### Work instruction
From the records below, please repeat exactly the line that has "Set 180 Lápices", the line that has "Barres parallèles en", and every line between them, and nothing else.
+--
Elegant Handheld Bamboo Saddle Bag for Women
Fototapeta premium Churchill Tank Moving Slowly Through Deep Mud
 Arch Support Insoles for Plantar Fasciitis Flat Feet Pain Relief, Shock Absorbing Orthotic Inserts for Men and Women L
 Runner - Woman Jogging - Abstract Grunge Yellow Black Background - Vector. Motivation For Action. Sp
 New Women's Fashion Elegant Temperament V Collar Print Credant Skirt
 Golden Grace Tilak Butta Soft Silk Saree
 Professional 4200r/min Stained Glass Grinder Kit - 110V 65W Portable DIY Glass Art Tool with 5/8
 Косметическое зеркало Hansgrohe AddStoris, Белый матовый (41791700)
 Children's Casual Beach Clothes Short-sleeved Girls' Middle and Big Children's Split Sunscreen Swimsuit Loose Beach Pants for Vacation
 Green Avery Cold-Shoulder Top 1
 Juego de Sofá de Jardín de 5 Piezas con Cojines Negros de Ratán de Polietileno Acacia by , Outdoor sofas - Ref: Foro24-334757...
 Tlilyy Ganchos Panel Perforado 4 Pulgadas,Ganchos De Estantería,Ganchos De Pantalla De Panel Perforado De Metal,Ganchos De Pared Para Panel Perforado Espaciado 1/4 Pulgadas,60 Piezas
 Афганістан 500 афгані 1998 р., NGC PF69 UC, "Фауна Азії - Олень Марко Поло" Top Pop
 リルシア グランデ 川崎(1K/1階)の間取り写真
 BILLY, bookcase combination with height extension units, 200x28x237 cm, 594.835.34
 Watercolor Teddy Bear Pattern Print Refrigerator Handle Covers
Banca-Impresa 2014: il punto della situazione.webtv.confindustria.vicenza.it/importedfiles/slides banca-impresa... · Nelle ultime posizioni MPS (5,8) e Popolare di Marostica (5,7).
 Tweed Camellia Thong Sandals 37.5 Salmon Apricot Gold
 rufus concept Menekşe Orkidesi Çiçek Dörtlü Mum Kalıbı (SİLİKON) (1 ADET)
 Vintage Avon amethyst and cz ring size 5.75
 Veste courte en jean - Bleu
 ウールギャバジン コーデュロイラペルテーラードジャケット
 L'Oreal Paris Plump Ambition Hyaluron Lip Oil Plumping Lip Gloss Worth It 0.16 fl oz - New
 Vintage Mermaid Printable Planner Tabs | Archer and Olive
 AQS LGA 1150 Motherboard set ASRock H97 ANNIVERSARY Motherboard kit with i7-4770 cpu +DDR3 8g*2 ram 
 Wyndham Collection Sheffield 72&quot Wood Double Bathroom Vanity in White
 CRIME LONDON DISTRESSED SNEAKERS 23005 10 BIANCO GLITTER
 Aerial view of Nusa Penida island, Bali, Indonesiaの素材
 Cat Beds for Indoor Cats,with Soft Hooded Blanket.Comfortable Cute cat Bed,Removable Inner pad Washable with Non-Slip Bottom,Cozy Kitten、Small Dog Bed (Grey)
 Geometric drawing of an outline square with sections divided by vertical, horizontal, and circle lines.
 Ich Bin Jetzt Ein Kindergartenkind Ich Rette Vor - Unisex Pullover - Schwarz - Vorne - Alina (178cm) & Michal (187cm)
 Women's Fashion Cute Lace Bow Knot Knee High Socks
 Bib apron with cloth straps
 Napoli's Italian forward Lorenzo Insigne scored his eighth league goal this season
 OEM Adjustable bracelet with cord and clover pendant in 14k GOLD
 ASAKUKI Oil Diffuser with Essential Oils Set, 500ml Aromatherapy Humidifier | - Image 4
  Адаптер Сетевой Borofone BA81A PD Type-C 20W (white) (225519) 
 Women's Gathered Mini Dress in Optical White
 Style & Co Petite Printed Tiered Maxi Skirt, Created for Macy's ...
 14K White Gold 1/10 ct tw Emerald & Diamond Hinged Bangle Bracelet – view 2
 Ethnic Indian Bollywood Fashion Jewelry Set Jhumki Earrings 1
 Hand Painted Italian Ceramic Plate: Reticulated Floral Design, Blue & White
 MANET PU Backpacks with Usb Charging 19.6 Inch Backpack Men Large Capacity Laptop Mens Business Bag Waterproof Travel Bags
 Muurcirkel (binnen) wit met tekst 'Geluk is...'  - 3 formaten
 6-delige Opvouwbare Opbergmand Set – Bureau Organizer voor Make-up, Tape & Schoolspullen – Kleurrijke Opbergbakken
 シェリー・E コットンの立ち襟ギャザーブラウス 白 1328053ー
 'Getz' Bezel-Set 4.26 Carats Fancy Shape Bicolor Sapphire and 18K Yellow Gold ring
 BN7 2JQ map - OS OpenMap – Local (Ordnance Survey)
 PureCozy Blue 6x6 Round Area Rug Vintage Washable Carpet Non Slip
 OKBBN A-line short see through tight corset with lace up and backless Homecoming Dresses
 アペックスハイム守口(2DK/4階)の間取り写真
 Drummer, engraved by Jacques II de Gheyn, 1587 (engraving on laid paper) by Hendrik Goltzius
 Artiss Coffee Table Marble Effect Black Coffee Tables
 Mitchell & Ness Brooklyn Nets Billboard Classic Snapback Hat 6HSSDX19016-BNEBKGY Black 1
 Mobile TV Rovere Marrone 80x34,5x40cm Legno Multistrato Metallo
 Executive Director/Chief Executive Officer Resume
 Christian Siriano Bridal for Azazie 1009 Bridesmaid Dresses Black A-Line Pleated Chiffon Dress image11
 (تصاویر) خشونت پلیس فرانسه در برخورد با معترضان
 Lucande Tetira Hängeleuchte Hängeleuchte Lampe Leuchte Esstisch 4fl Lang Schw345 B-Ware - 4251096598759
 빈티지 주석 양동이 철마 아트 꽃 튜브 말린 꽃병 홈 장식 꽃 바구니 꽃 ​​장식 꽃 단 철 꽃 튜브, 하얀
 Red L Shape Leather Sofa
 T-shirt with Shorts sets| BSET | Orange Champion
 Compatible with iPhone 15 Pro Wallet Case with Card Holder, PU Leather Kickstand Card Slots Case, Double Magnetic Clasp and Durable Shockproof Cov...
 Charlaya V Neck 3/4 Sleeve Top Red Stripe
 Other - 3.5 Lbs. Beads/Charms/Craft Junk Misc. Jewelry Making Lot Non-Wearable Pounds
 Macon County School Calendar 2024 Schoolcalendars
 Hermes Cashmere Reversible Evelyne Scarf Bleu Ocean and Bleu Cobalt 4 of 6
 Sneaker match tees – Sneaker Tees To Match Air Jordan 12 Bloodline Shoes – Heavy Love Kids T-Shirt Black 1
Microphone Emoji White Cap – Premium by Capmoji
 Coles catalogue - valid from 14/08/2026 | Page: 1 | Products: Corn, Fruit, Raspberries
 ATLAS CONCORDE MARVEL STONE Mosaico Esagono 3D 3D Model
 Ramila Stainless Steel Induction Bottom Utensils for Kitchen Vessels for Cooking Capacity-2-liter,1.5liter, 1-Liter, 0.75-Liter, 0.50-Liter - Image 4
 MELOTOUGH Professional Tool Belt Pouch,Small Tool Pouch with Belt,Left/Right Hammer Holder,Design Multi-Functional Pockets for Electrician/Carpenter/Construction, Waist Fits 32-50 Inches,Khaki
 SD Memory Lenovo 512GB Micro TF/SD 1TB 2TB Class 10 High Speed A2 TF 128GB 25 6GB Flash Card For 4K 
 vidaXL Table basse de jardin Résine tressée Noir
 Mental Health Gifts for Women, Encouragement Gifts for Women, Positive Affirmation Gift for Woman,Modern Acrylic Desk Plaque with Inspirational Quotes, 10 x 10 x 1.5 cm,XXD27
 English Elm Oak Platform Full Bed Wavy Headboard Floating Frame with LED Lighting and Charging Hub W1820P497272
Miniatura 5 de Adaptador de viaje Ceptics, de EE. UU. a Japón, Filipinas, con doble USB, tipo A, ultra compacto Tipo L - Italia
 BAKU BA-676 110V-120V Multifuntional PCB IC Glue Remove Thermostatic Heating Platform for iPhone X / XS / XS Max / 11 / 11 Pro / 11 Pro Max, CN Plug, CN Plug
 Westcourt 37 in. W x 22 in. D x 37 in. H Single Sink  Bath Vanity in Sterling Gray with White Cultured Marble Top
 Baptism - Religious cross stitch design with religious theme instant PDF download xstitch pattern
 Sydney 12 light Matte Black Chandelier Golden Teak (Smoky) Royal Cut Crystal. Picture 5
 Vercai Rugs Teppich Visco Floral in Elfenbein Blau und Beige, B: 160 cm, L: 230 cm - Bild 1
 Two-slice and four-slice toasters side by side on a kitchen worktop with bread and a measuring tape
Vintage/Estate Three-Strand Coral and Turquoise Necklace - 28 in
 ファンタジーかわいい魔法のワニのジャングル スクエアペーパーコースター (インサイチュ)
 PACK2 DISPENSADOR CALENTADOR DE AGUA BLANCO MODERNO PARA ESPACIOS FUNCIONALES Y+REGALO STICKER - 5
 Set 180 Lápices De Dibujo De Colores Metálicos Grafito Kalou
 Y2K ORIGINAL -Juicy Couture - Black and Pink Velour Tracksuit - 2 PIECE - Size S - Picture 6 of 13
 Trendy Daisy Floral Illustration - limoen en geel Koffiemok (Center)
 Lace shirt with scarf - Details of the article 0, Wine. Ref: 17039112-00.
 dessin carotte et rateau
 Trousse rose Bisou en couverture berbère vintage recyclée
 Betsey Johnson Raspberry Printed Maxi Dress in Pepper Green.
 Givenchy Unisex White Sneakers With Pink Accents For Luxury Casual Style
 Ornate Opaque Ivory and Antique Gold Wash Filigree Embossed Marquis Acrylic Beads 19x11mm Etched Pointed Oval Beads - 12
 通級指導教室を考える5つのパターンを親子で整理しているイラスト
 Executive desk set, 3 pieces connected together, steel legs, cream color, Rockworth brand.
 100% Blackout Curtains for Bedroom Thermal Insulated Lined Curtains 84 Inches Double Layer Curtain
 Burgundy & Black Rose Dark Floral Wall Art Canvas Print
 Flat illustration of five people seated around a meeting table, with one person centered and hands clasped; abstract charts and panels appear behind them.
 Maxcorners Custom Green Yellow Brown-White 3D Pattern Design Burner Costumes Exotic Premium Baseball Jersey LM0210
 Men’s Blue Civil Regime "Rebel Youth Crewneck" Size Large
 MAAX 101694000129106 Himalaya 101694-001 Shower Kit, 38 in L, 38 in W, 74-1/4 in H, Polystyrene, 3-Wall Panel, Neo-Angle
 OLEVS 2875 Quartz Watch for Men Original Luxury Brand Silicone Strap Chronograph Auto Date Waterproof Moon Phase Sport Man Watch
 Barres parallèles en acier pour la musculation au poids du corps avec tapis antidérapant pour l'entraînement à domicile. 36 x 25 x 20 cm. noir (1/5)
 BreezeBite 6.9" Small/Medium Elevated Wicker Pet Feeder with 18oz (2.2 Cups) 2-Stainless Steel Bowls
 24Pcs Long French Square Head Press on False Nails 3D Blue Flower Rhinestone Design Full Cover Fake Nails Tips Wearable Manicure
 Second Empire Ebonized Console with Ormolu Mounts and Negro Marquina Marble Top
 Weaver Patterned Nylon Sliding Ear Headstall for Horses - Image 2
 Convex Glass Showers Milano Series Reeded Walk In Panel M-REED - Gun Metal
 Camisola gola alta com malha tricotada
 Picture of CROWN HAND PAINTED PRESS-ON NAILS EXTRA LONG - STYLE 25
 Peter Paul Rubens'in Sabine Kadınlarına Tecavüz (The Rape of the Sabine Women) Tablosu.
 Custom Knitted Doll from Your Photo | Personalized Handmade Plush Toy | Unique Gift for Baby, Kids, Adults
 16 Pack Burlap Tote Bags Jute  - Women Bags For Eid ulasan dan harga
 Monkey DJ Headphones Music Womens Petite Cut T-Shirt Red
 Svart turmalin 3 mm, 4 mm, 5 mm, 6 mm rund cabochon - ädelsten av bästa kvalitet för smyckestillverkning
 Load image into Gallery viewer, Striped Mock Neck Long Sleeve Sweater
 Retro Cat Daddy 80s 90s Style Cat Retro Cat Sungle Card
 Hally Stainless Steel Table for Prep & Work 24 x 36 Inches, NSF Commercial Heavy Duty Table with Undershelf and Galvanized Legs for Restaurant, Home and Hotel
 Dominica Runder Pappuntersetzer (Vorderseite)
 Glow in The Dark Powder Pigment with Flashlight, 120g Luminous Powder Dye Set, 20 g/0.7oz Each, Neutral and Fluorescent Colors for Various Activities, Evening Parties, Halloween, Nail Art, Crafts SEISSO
+--
### Problem solution
 Set 180 Lápices De Dibujo De Colores Metálicos Grafito Kalou
 Y2K ORIGINAL -Juicy Couture - Black and Pink Velour Tracksuit - 2 PIECE - Size S - Picture 6 of 13
 Trendy Daisy Floral Illustration - limoen en geel Koffiemok (Center)
 Lace shirt with scarf - Details of the article 0, Wine. Ref: 17039112-00.
 dessin carotte et rateau
 Trousse rose Bisou en couverture berbère vintage recyclée
 Betsey Johnson Raspberry Printed Maxi Dress in Pepper Green.
 Givenchy Unisex White Sneakers With Pink Accents For Luxury Casual Style
 Ornate Opaque Ivory and Antique Gold Wash Filigree Embossed Marquis Acrylic Beads 19x11mm Etched Pointed Oval Beads - 12
 通級指導教室を考える5つのパターンを親子で整理しているイラスト
 Executive desk set, 3 pieces connected together, steel legs, cream color, Rockworth brand.
 100% Blackout Curtains for Bedroom Thermal Insulated Lined Curtains 84 Inches Double Layer Curtain
 Burgundy & Black Rose Dark Floral Wall Art Canvas Print
 Flat illustration of five people seated around a meeting table, with one person centered and hands clasped; abstract charts and panels appear behind them.
 Maxcorners Custom Green Yellow Brown-White 3D Pattern Design Burner Costumes Exotic Premium Baseball Jersey LM0210
 Men’s Blue Civil Regime "Rebel Youth Crewneck" Size Large
 MAAX 101694000129106 Himalaya 101694-001 Shower Kit, 38 in L, 38 in W, 74-1/4 in H, Polystyrene, 3-Wall Panel, Neo-Angle
 OLEVS 2875 Quartz Watch for Men Original Luxury Brand Silicone Strap Chronograph Auto Date Waterproof Moon Phase Sport Man Watch
 Barres parallèles en acier pour la musculation au poids du corps avec tapis antidérapant pour l'entraînement à domicile. 36 x 25 x 20 cm. noir (1/5)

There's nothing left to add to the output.